Getting Started with PySpark

·

4 min read

Apache Spark is a powerful distributed computing framework commonly used for big data processing, ETL (Extract, Transform, Load), and building machine learning pipelines. It supports various programming languages, including Scala, Java, and Python, making it a versatile choice for data processing tasks. In this tutorial, we'll focus on installing Apache Spark on a MacOs machine and running Spark jobs using PySpark with Jupyter notebook.

Installing Apache Spark

Before diving into Spark, we need to ensure that we have all the necessary components installed.

1. Install Java

Java is a prerequisite for running Apache Spark.
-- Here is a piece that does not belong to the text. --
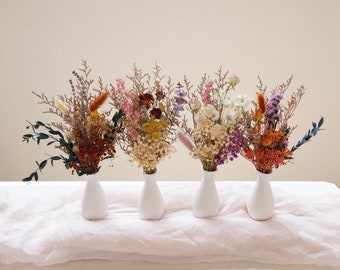Op de afbeelding: Vijf kleine witte vazen gevuld met gedroogde bloemenarrangementen. De arrangementen bevatten een verscheidenheid aan kleuren en texturen, waaronder roze, paars, wit, oranje en bruin.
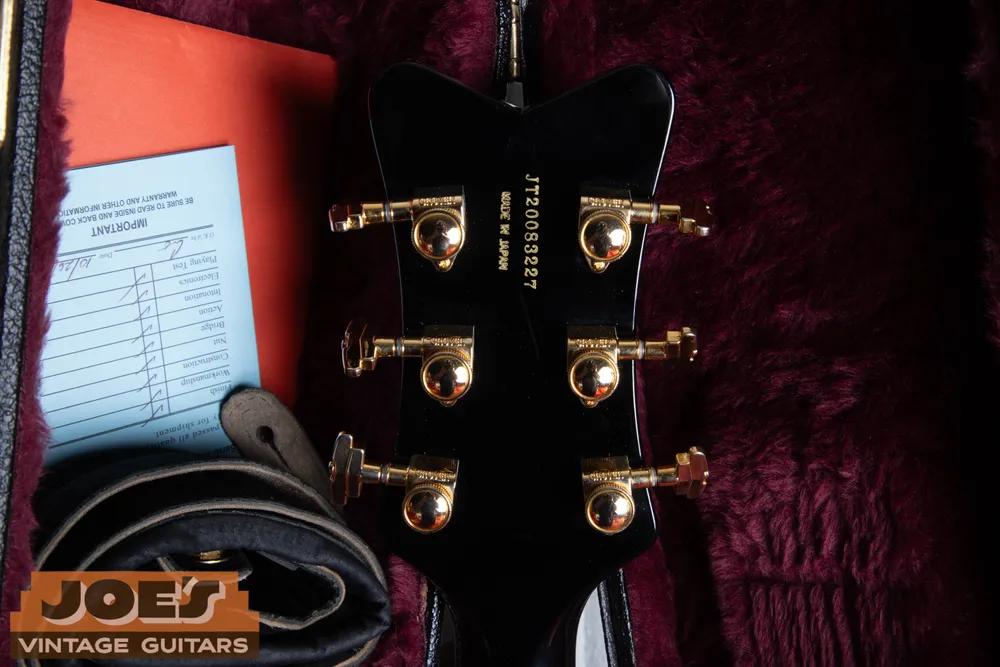 JT-prefixed serial on the rear of the same Black Falcon headstock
You can use the Homebrew package manager to install it:

brew cask install java8

To verify the Java installation, run:

java -version

2. Install Command Line Tools

Ensure that you have Xcode Command Line Tools installed by running:

xcode-select --install

3. Install Scala

Scala is another essential component for Spark. Install it using Homebrew:

brew install scala

To verify the Scala installation, run:

scala -version

4. Install Apache Spark Package

Now, let's install Apache Spark itself. With Homebrew, this is a breeze:

brew install apache-spark

This command installs Apache Spark along with its dependencies, including PySpark.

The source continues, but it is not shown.